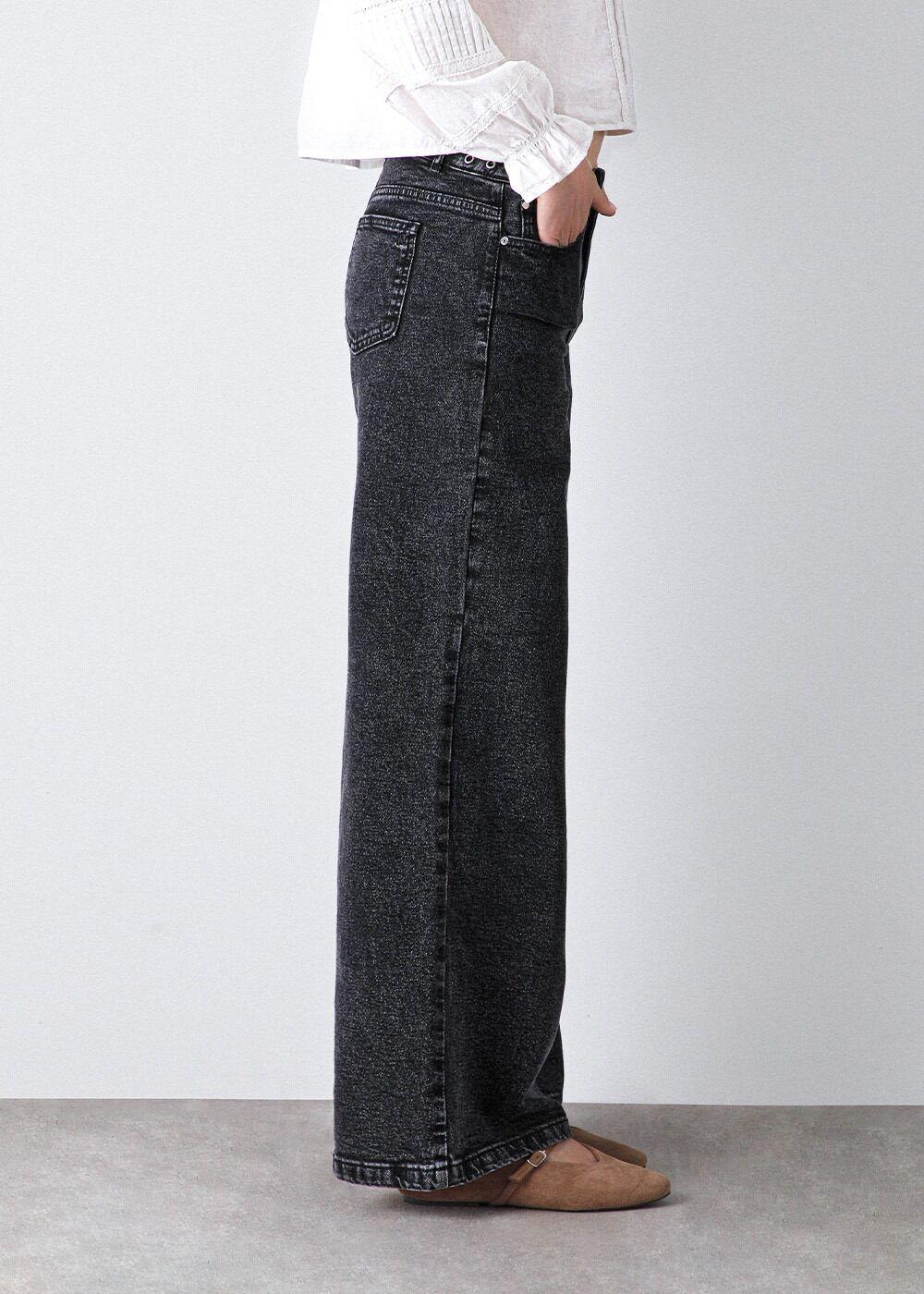 Pantalón wide leg pretina ojal Negro Mujer Raindoor-4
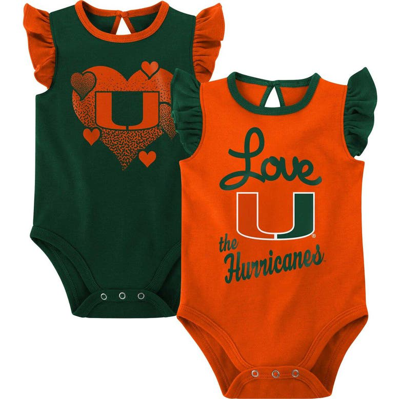 Outerstuff Babies' Girls Newborn & Infant Green/orange Miami Hurricanes Spread The Love 2-pack Bodysuit Set In Green,orange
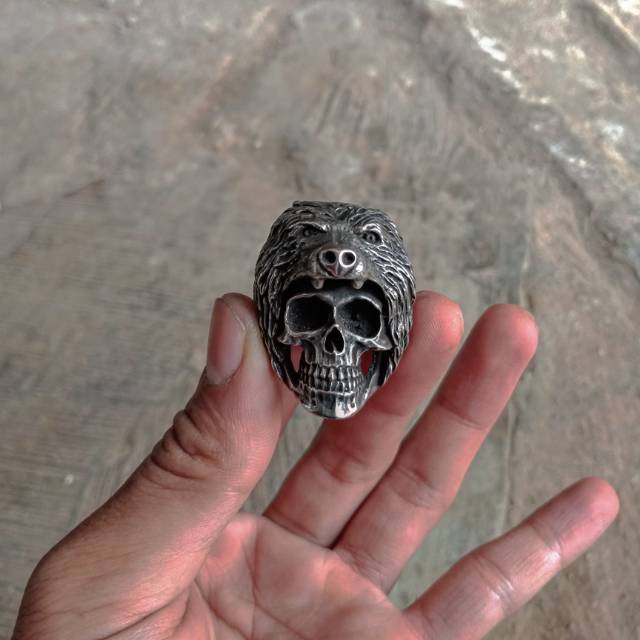 Skullring-ringskull-cincin tengkorak-fourspeed metalwerks bearhead original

- - -

** Task objective **
Return an exact copy of the data above, apart from any pictures.

** Exercise output **
 Pantalón wide leg pretina ojal Negro Mujer Raindoor-4
 Outerstuff Babies' Girls Newborn & Infant Green/orange Miami Hurricanes Spread The Love 2-pack Bodysuit Set In Green,orange
 Skullring-ringskull-cincin tengkorak-fourspeed metalwerks bearhead original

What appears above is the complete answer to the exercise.